Gyms will be allowed to reopen in England on July 25 

Nail bars, tanning salons and tattoo parlours across England can reopen on MONDAY while gyms can welcome back customers from July 25

  • Culture Secretary Oliver Dowden said outdoor swimming pools reopen Saturday
  • Indoor pools, gyms and other sports facilities will then follow from July 25
  • Ministers had long said the nation’s gyms would be able to reopen from mid-July
  • Move by Mr Dowden represents latest step taken by Government to reopen UK 

Nail bars, tanning salons and tattoo parlours will be allowed to reopen across England on Monday while gyms will be able to welcome back customers from July 25, the Government announced this evening. 

Culture Secretary Oliver Dowden today set out the latest lockdown easing at a Downing Street press conference as he said outdoor swimming pools can reopen on Saturday. 

He also published guidance to enable competitive grassroots team sports to resume, beginning with cricket this weekend. 

Outdoor arts performances – including theatres, opera, dance and music – will also be able to resume from the weekend although audience numbers will be restricted and will be subject to social distancing rules. 

Mr Dowden said a change in planning rules will mean theatres, concert halls and live music venues will be protected from demolition or change of use by developers, stopping those that have been made temporarily vacant during lockdown disappearing altogether.

He said that ‘normal life is slowly returning’, telling the press conference: ‘Having allowed hairdressers to reopen, beauticians, tattooists, spas, tanning salons and other close contact services can now do the same, I’m pleased to say, from Monday.

‘Of course that will be subject to some restrictions on particularly high-risk services.’ 

Oliver Dowden today announced that gyms in England will be allowed to reopen from July 25

Mr Dowden’s announcement came after Nicola Sturgeon announced a wave of changes for Scotland as she further eased lockdown north of the border. 

The changes mean that hairdressers, indoor pubs and restaurants, museums, and galleries can all reopen on July 15.   

Places of worship will be able to reopen for communal prayer and congregational services on the same day but there will be restrictions on numbers, singing and chanting.      

The Government has been facing increasing pressure from MPs and the fitness industry to announce the return of the nation’s gyms. 

He had earlier today told the House of Commons that he intended to make an announcement ‘imminently’ on the issue.

Mr Dowden had said that gyms had ‘engaged very constructively’ with the Government to ‘overcome some of the hurdles’ to them welcoming back customers.

He had said: ‘I hope to be able to make an announcement imminently in relation to that.

‘As I’ve said previously, the aim has always been to get gyms back by mid-July.’

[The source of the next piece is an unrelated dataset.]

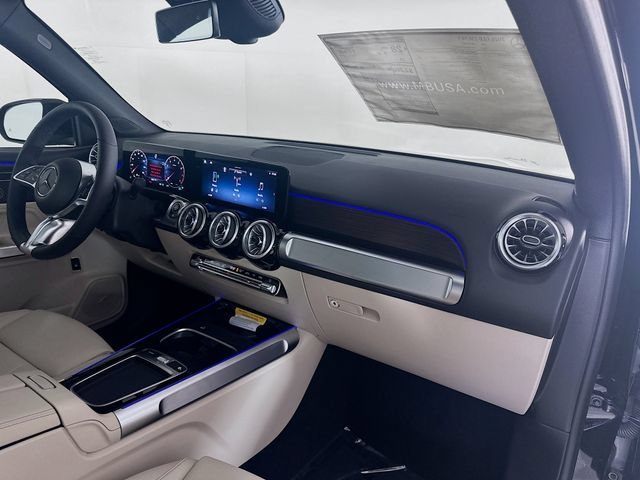 New 2026 Night Black Mercedes-Benz GLB 250 image 54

Commons Leader Jacob Rees-Mogg had also said the aim was for the reopening of beauty salons to follow ‘as soon as possible’.

Responding to a request from Tory Martin Vickers (Cleethorpes) for more information about when beauty salons can resume work, Mr Rees-Mogg said: ‘Our hope is to reopen gyms and leisure facilities in mid-July.

‘Other close-contact services, tattoo and nail parlours, will follow as soon as possible.

‘The Government has been clear that it wants to reopen the economy carefully and gradually and this is why some businesses which involve less sustained contact between people have opened before others.’

Mr Rees-Mogg said he was not a ‘native gym-goer personally’, telling Tory MP Caroline Ansell: ‘I did have to go occasionally in my childhood and never quite recovered from the experience, but many people up and down the country will be very keen to get back to sports centres, gymnasiums, and swimming pools to get themselves into peak physical performance.

‘And they can then compensate by eating out to get back the calories that they’ve just worn off when they have been in the gymnasium.’